What Weeds Can Tell Us About the Soil
Common Plants with Surprising Benefits
Weeds often grow in bare areas where the soil is too poor to support other kinds of plants. In addition to concentrating minerals deficient in a particular soil into their structures, many wild plants have extensive root systems which, as they decay, leave channels for drainage, and help build humus in the ground. Some weeds can also absorb excess salt from the soil.
Weeds provide other benefits. Flowering weeds
produce pollen which attracts beneficial insects like ladybugs and bees to the garden. In early spring, this is especially helpful to vegetable beds not yet in flower. Weeds also prevent erosion, especially on steep slopes. Finally, weeds indicate the health of the soil—whether it is acidic, alkaline, compacted or fertile. By looking at the kinds of weeds in your garden, you can determine nutrient deficiencies and the general health of the earth. If you have healthy green weeds in your garden, you will likely grow good vegetables. And maybe this season you’ll add a few edibles like chickweed and dandelion greens along with your usual fare.
Common Northwest Garden Weeds
(Click to enlarge photos)Bindweed (Morning Glory) (Convolvulus)
The presence of bindweed indicates poor drainage, often hardpan soil with a crusty surface. Bindweed grows in neglected areas and does not like cultivated soil. The roots contain minerals which can be returned to the soil when composted.
Thrives in poorly drained, cultivated garden soil. Creeping buttercup accumulates potassium from the soil.
When healthy, chickweed indicates tilled, fertile soil. Chickweed often grows where the soil is cool and moist. Chickweed accumulates potassium, phosphorus and manganese which is released into the soil when it decomposes. Edible. Chickweed is sometimes used in salads. It is a source of vitamin C, B vitamins and minerals.
Indicates low fertility soil, low in nitrogen. Like other legumes, clover obtains nitrogen from the air and fixes it into the soil when tilled under. Clover can be planted as a cover crop.
Found in heavy, clay, compacted acidic soil, but also grows in fertile well-drained soil. The dandelion’s taproots bring up calcium, iron, and a host of other minerals from the deep soil. The decomposing roots of dandelions produce humus.
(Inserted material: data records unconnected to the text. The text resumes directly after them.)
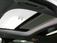 Eクラスオールテレイン E220d 4マチック ディーゼルターボ 4WD EXC-P meコネ 黒本革 パノラマSR 2年保証付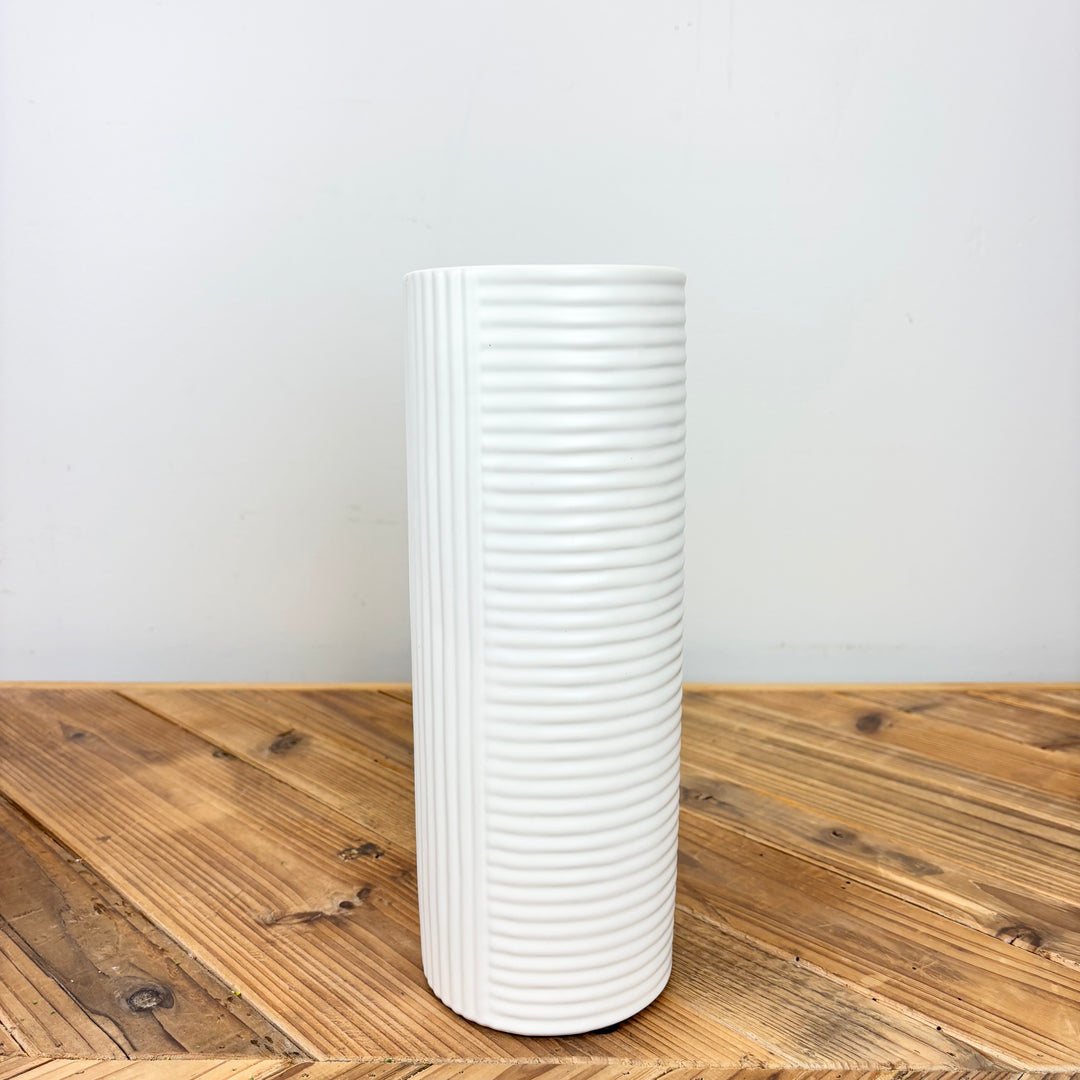 Kaiden Vases - 2 Sizes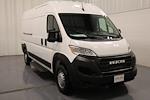 New 2025 Ram ProMaster 2500 High Roof Empty Cargo Van for sale #SE500735 - photo 3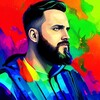 Логотип телеграм канала @sergeytaran — SergeyTaran_YouTube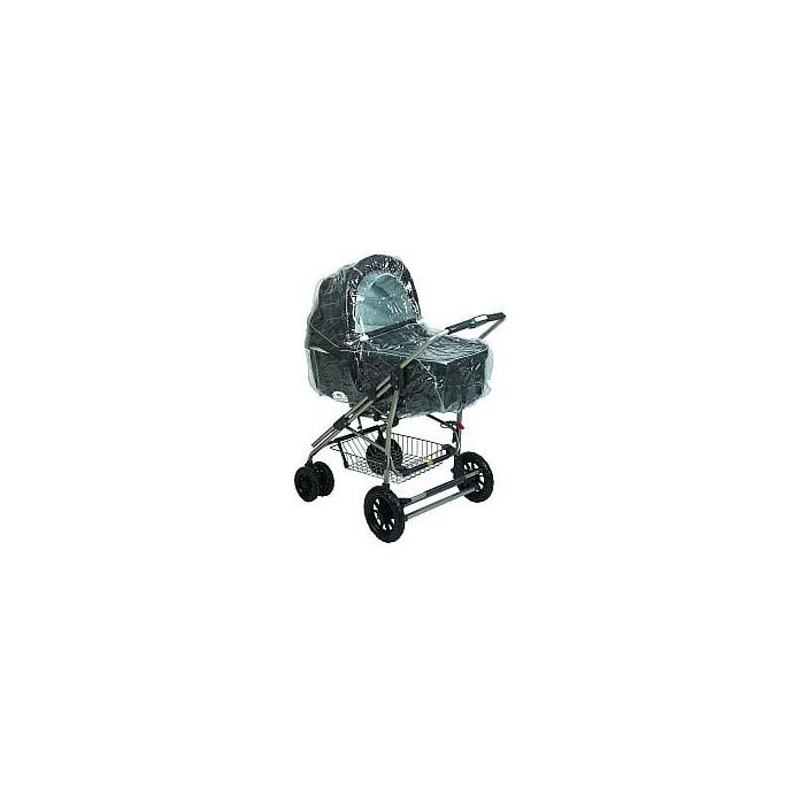 carry-cot-raincover-for-the-chicco-cortina-and-other-carry-cots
Flowering dandelions provide early spring pollen that attracts ladybugs and other beneficial insects to the garden. Edible. Dandelion leaves are sometimes used in salads. They are rich in beta carotene, vitamin C and vitamin A.
Indicates waterlogged, poorly drained soils with increasing acidity. Docks have deep taproots that bring up calcium, potassium, phosphorus and iron, and help the soil structure.
Grows in low lime, sandy, light, acidic soil. Horsetail accumulates silicon, magnesium, calcium, iron and cobalt, which is released into the soil when it decomposes. Raising the pH and the fertility of the soil is the best way to eliminate horsetail from the garden.
Thrives in heavy, compacted, acidic, low-fertility soil. Plantain is rich in calcium and magnesium. It also accumulates silicon, sulfur, manganese and iron. When turned under to decompose, it helps to deacidify the soil.
Quack Grass (Agropyron repens)
Grows in poorly drained, heavy clay soil or soil with a crusty surface. Quack grass has a net-like root system that can help control erosion on steep banks. It accumulates silicon, potassium and other minerals. Quack grass contains certain insecticidal properties that cause nerve damage to slugs. Some people use finely chopped quack grass as a mulch to repel slugs (with the caution that too much of the mulch could damage plantings).
Grows in acidic, low lime soil. Sheep sorrel can bring up calcium and phosphorus, minerals that alkalinize the soil. Turning sorrel under makes these minerals available in the soil.
Thistle is found in heavy, compacted soil. It’s deep roots help break up the subsoil and bring up iron.
Indicates low nitrogen, low fertility soil. A member of the legume family, vetch draws nitrogen from the air and fixes it in the soil as it decomposes. Vetches also accumulate potassium, phosphorus, copper and cobalt. Common vetch is sometimes used as a cover crop.